Elon Musk rejects Twitter board seat after floating changes for the platform
Elon Musk, now Twitter’s largest shareholder, has decided not to join the company’s board, an unexpected move announced late Sunday after Musk floated a series of changes he would like to see on the social media platform.
Musk had held discussions with Twitter’s directors, but the billionaire entrepreneur ultimately declined their offer of a board seat, Twitter Chief Executive Parag Agrawal tweeted. “I believe this is for the best,” he said in an internal memo he shared.
The disclosure came after a string of suggestions Musk shared, on Twitter, for changes to the platform, such as adding an edit button for tweets and an ad-free subscription membership.
In a series of tweets late Saturday, the Tesla and SpaceX chief executive said that the company should include an “authentication checkmark” as a feature of its Twitter Blue premium subscription service, which costs $2.99 a month.
Twitter adds a checkmark logo next to a user name when the account has been verified “authentic, notable and active.”
Musk also suggested Twitter make the authentication checkmarks of premium subscriber accounts different from those granted to official accounts belonging to public figures, for example.
Such a move, Musk said, would “massively expand” the pool of verified user accounts and discourage the proliferation of spam “bot” accounts, making them too expensive to maintain.
Musk’s latest tweets about Twitter, including posting polls asking his 81 million followers whether Twitter is “dying” and whether the company’s San Francisco headquarters should be converted into a homeless shelter “since no one shows up anyway,” followed a tweet earlier in the week asking if he should add an edit button on the platform.

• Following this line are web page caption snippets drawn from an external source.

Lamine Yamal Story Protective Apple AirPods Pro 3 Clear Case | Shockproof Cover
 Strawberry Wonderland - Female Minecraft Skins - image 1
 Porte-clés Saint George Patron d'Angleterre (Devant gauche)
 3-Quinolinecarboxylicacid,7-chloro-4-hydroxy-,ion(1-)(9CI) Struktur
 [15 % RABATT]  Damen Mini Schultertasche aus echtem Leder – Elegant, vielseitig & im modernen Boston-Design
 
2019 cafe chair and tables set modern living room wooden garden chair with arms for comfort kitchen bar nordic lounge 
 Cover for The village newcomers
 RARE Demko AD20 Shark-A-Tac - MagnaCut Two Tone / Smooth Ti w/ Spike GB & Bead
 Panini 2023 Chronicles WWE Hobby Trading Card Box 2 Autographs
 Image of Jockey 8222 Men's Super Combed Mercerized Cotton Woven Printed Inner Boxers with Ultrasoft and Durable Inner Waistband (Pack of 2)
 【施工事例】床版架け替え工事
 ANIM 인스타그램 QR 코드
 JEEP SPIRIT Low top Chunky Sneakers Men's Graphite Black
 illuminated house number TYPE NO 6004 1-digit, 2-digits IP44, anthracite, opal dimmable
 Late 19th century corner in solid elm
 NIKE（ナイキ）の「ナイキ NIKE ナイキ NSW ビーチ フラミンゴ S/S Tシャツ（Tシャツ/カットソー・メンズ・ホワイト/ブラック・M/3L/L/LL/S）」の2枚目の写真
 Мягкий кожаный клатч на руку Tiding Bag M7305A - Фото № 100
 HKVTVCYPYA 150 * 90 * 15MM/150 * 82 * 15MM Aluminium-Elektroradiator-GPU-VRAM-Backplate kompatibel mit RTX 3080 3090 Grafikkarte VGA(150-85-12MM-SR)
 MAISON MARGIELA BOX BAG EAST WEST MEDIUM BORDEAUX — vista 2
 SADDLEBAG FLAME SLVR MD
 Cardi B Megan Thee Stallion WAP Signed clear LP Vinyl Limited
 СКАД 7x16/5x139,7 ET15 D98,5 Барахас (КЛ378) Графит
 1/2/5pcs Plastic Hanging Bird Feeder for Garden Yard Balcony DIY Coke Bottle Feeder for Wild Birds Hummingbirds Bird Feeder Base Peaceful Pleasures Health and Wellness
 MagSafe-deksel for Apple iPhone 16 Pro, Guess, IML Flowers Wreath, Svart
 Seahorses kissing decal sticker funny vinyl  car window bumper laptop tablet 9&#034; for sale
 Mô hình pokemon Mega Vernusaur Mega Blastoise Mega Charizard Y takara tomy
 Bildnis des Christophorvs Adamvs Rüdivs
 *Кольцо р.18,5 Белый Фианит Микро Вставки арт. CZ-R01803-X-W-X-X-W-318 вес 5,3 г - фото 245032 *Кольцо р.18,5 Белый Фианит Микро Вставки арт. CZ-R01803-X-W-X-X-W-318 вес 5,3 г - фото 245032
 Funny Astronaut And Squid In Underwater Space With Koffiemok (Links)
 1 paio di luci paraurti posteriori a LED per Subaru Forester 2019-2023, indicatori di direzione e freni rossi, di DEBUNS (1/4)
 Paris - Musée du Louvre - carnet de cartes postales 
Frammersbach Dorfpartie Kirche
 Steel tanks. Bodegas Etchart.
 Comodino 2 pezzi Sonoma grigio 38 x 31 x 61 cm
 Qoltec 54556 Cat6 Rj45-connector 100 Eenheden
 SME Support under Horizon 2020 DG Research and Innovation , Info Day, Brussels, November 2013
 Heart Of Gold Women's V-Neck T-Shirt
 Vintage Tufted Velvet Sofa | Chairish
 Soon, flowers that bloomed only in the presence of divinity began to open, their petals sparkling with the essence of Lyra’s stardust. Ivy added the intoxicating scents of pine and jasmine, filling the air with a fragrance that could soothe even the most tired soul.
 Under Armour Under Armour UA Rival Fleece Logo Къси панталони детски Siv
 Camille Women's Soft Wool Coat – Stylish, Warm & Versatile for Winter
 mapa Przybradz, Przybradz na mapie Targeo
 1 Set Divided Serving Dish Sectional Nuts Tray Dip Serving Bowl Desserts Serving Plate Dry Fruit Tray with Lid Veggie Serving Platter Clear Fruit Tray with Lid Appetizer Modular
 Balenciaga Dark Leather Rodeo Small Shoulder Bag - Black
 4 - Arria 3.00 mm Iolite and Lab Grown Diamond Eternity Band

Last week, Twitter disclosed in a regulatory filing that it entered into an agreement with Musk giving the billionaire a seat on the company’s board, with the term expiring at its 2024 annual shareholders meeting. The move came a day after it was disclosed that Musk took a 9% stake in the company.
Twitter did not immediately respond to an email seeking comment Sunday.
Musk also shared ideas for how Twitter should charge for its subscription membership, saying the fee “should be proportionate to affordability and in local currency.... Maybe even an option to pay in Doge?” referring to the Dogecoin cryptocurrency.
“And no ads,” Musk tweeted. “The power of corporations to dictate policy is greatly enhanced if Twitter depends on advertising money to survive.”
Nearly 90% of Twitter’s revenue in 2021 came from advertising.
Bloomberg writer Edwin Chan contributed to this report.